— WORK ORDER —
Beneath this task are records; print exactly the stretch of them from the line with "Top Roll Wild" through the line with "چوب-بیلیارد-Jingle Bell Cue", both ends included.

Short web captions

^^^^^^^^

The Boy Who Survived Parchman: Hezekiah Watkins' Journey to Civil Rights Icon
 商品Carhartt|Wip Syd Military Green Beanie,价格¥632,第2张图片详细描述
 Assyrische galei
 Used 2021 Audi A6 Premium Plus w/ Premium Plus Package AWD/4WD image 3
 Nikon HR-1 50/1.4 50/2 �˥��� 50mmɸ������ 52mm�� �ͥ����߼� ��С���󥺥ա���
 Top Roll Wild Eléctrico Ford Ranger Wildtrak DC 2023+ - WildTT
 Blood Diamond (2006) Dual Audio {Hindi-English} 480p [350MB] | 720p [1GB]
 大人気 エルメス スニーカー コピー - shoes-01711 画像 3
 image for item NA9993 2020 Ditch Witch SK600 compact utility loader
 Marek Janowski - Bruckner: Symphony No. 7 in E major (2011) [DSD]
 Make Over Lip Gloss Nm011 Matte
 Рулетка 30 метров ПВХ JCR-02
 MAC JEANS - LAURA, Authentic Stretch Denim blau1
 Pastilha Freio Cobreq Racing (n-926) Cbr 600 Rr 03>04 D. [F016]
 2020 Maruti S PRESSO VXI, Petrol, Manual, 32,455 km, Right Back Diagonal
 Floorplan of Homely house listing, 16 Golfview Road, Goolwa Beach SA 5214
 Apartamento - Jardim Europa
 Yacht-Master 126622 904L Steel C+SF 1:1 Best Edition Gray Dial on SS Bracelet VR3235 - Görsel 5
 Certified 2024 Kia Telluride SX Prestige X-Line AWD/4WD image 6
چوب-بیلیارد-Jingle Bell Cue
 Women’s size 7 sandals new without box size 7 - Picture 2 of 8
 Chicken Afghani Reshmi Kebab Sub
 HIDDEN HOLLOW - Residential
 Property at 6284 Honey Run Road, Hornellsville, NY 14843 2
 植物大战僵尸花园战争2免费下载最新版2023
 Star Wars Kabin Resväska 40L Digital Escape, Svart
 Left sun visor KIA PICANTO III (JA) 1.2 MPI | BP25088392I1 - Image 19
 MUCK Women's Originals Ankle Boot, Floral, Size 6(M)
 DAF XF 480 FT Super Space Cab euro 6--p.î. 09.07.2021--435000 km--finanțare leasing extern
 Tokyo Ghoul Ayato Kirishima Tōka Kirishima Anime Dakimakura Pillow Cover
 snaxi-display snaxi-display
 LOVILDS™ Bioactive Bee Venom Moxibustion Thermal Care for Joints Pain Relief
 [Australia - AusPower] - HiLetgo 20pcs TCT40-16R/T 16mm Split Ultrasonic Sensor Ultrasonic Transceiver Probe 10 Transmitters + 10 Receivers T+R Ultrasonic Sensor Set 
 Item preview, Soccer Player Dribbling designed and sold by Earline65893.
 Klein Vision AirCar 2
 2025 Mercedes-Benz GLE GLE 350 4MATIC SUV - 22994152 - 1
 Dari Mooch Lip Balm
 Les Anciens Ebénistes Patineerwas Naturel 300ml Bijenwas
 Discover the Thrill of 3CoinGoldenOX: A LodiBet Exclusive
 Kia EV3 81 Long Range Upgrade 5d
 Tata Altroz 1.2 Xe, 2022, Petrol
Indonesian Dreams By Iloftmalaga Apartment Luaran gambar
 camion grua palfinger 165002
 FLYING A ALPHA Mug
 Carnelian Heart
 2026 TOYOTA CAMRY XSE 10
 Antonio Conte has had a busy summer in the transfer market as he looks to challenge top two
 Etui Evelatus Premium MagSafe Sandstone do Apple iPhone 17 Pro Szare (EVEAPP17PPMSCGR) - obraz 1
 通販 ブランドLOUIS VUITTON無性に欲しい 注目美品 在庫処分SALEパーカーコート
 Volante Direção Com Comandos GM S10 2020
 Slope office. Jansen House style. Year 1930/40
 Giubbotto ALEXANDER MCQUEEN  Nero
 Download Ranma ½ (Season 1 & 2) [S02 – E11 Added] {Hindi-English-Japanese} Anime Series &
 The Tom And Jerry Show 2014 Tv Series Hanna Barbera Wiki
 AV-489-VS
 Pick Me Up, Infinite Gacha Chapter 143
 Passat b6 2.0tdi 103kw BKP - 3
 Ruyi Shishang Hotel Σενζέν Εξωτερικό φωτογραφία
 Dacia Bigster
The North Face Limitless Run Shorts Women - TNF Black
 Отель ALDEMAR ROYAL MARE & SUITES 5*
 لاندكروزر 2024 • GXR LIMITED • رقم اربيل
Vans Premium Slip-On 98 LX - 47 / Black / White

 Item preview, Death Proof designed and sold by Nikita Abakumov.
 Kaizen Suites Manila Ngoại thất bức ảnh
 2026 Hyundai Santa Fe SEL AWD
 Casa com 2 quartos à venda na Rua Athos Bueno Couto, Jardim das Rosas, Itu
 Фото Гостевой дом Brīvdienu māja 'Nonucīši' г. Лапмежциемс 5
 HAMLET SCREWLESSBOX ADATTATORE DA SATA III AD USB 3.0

^^^^^^^^

— TASK ANSWER —
 Top Roll Wild Eléctrico Ford Ranger Wildtrak DC 2023+ - WildTT
 Blood Diamond (2006) Dual Audio {Hindi-English} 480p [350MB] | 720p [1GB]
 大人気 エルメス スニーカー コピー - shoes-01711 画像 3
 image for item NA9993 2020 Ditch Witch SK600 compact utility loader
 Marek Janowski - Bruckner: Symphony No. 7 in E major (2011) [DSD]
 Make Over Lip Gloss Nm011 Matte
 Рулетка 30 метров ПВХ JCR-02
 MAC JEANS - LAURA, Authentic Stretch Denim blau1
 Pastilha Freio Cobreq Racing (n-926) Cbr 600 Rr 03>04 D. [F016]
 2020 Maruti S PRESSO VXI, Petrol, Manual, 32,455 km, Right Back Diagonal
 Floorplan of Homely house listing, 16 Golfview Road, Goolwa Beach SA 5214
 Apartamento - Jardim Europa
 Yacht-Master 126622 904L Steel C+SF 1:1 Best Edition Gray Dial on SS Bracelet VR3235 - Görsel 5
 Certified 2024 Kia Telluride SX Prestige X-Line AWD/4WD image 6
چوب-بیلیارد-Jingle Bell Cue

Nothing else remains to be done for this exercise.